At 98,000 square feet, the building is almost twice as large as the old Bingham Laboratory that once occupied the site.

The new building is architecturally similar to the Peabody Museum, but the inside has at least one major difference — it is specially designed with the Peabody Museum’s most delicate collections in mind.

“The new building provides us with a core of environmentally controlled rooms,” museum Director Richard Burger said. “It is designed with the environmental parameters that these collections need.”

The current Peabody Museum building, which has been in continuous use since 1927, had become unable to provide the stable conditions necessary for the most delicate artifacts in the museum’s 11 million piece collection.

“The current building was definitely not designed for collection storage or study,” Burger said. “The fluctuating temperatures and humidity provided some of the worst possible conditions to preserve our collections in perpetuity.”

While the move-in has been going smoothly, the construction process did affect the museum.
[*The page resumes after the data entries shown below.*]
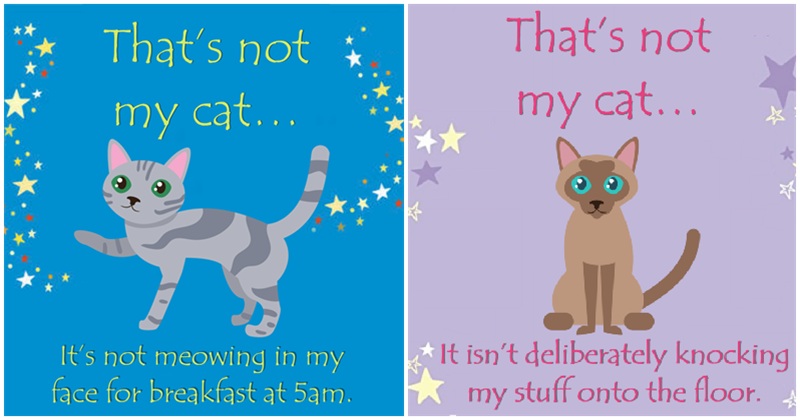 That’s not my cat… A parody based on the ‘That’s not my’ series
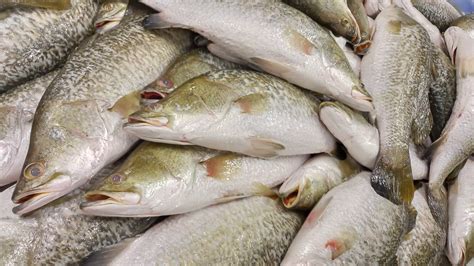 Frozen Barramundi Fillet Lates Calcarifer South Pacific Fishery Co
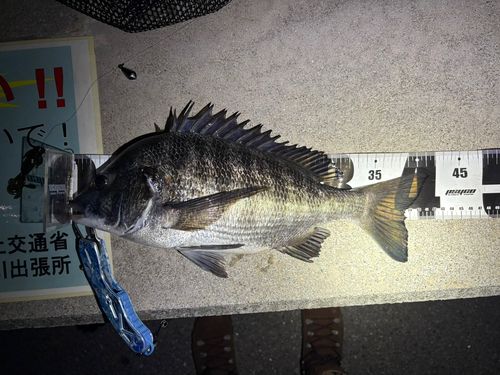 チヌの釣果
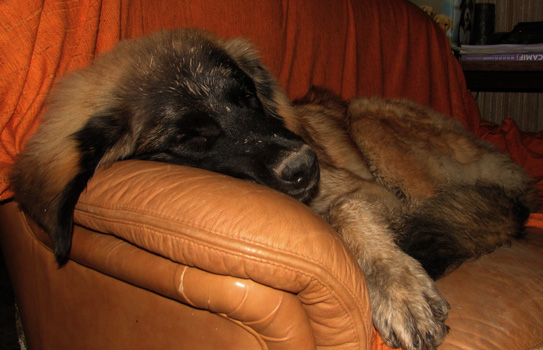 Adèle, chiot, était déjà un très joli leonberger
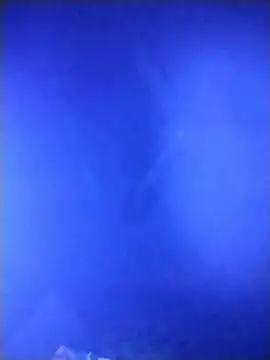 qaarlyfogosa online show from 02.11.26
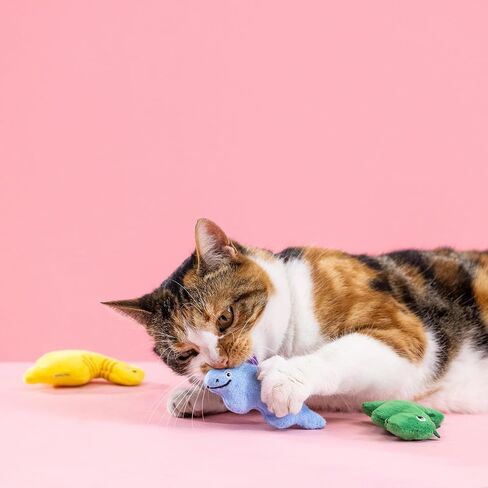 Fringe Studio Plush Cat Toy, Clownin' Around Kicker, Pet Shop Collection (693009) in Saudi Arabia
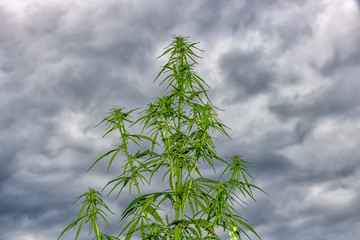 The plant marijuana on the background of the cloudy sky, cannabis legalization.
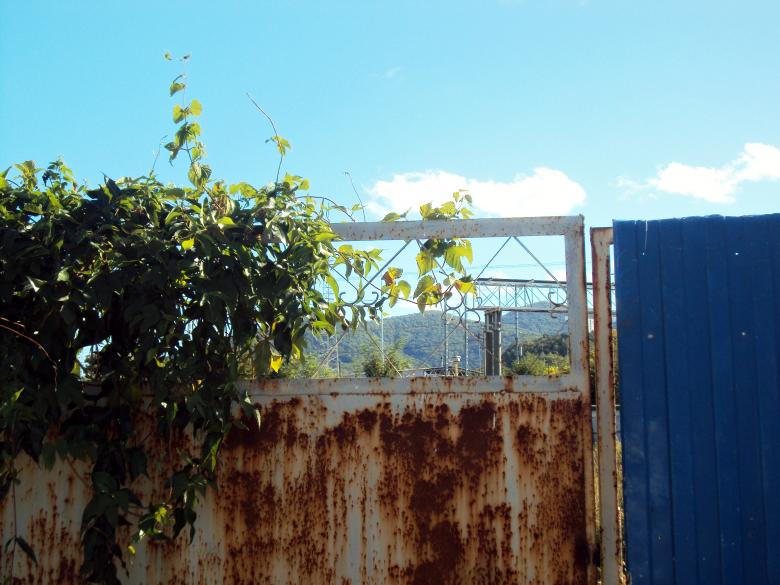 Free stock image of Rusty fence and climbing plants created by NomeVizualizzato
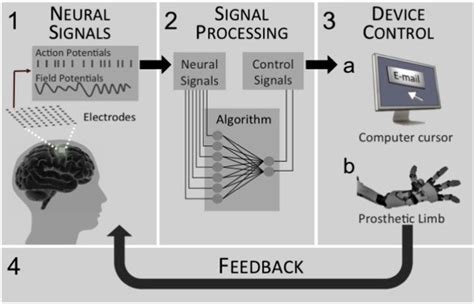 Chitkara University | Interdisciplinary | Research and Innovation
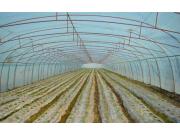 农五师八十九团：投资800万元兴建高效节能温室蔬菜大棚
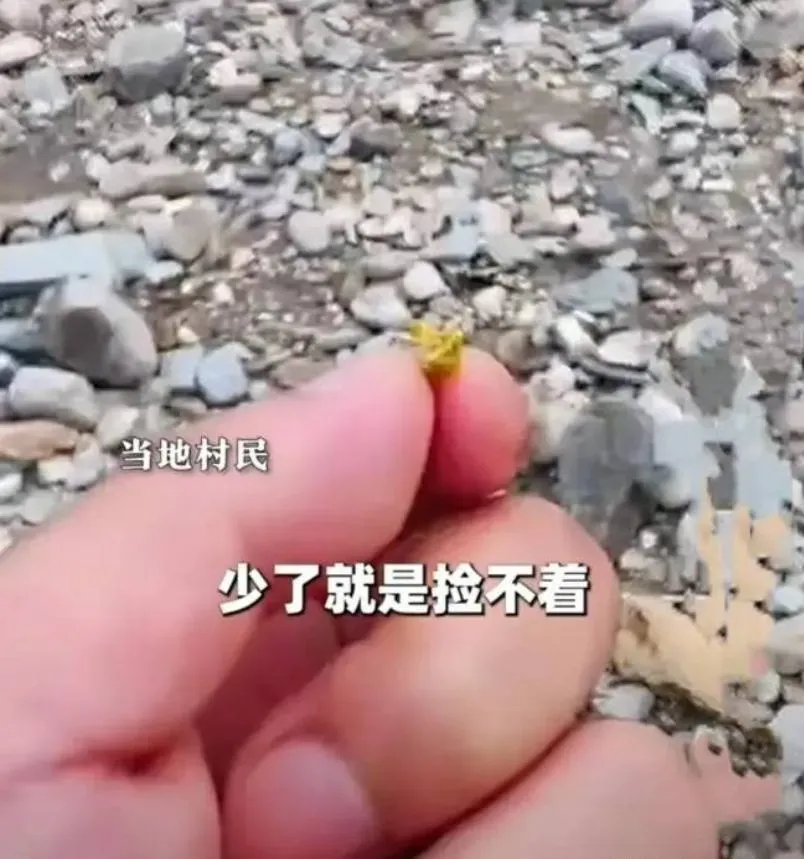 影/係「金」ㄟ？北京洪水過後河道現碎金　上百村民狂撈「回收價1克440元」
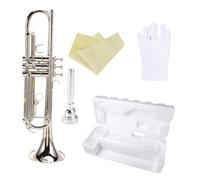 Tromba Per Strumenti In Ottone Si Bemolle Tromba In Ottone Scatola In Schiuma Pratica Per Principianti Professionale Che Suona La Tromba A Tre Toni(Silver)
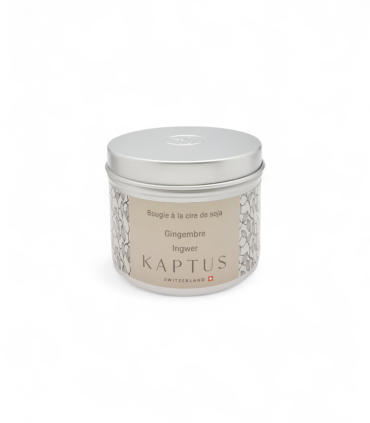 Candela in cera di soia Zenzero. Collezione viaggio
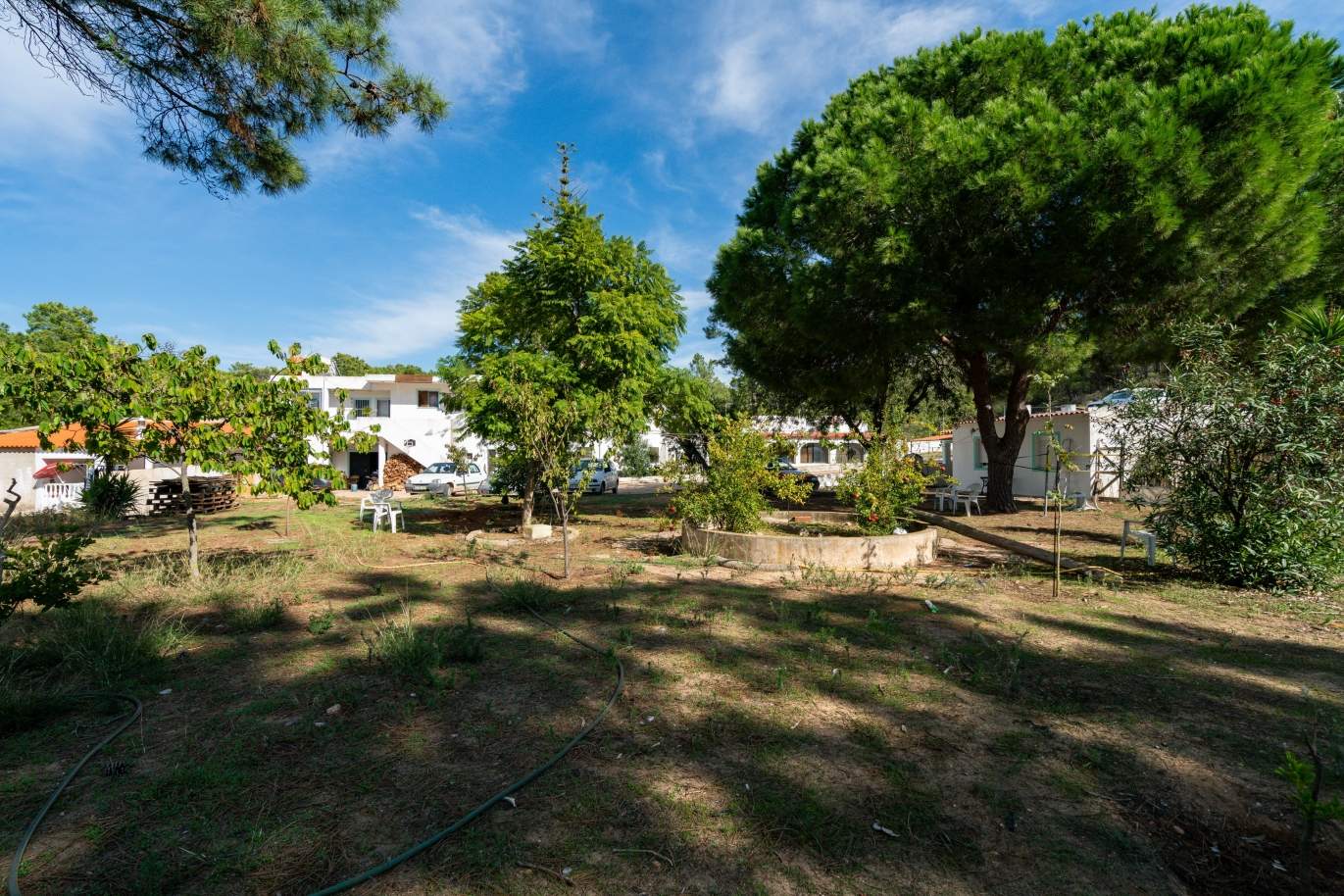 Bauernhof mit großem Grundstück, im Naturpark Ria Formosa, Faro, Algarve_155946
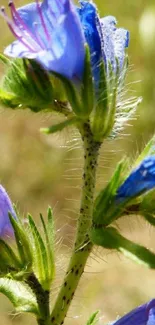 Close-up of blue wildflowers in bloom against a soft blurred background.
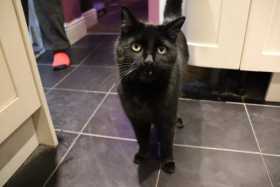 Lost Cat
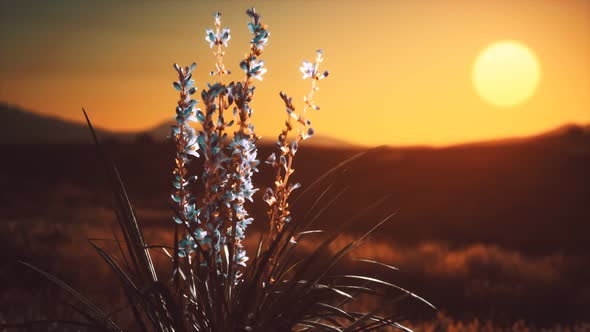 Wild Flowers on Hills at Sunset alt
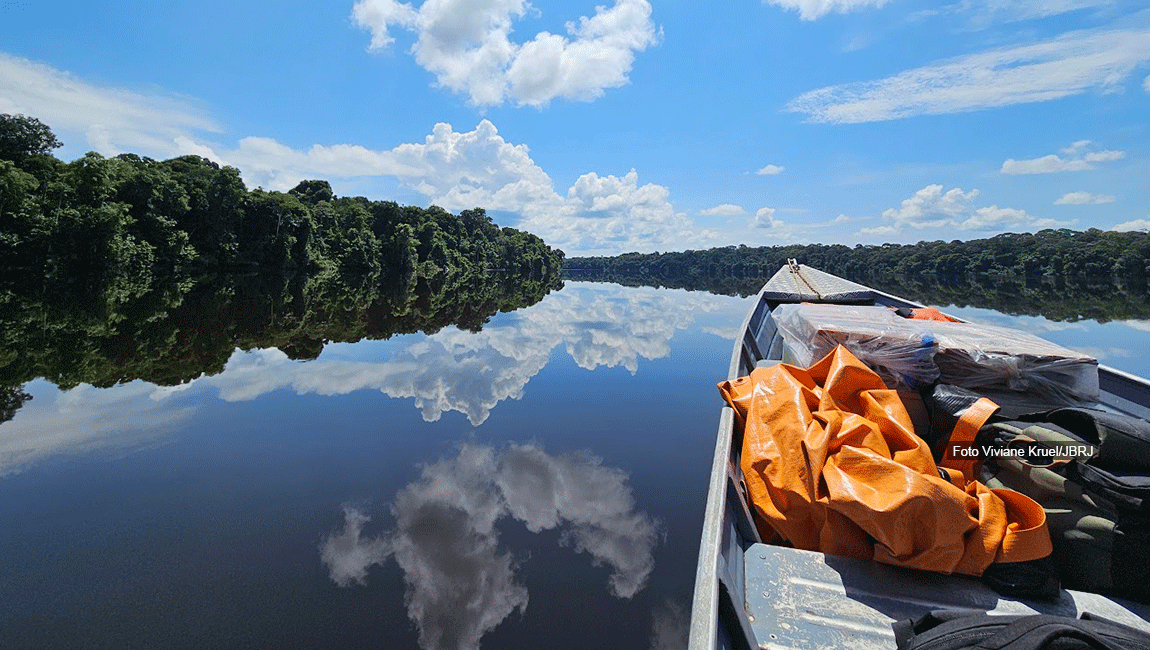 Ethnobotany and Intercultural Dialogues: the first expedition of the JBRJ to the Uaupés River in the context of the Amazon +10 Project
Many of the Peabody’s specimens that had previously been housed in Bingham Laboratory had to be moved and placed into storage at the museum during the construction.

Although this transfer caused some of the museum’s most popular exhibits to be dismantled, the operation of the museum’s programs generally was unhindered.

“The construction process created problems in terms of having less to see in the museum,” Burger said. “But we made a special effort to have more events and not to close the museum.”

Museum attendance actually increased during the construction process, Burger added.

He also said he hopes the new building will also allow innovation in the museum’s main location.

“I hope that with the areas that have now been vacated for collections, we can find other purposes for them,” Burger said. “The numerous possibilities for reorganizing the spaces have great possibilities for the future.”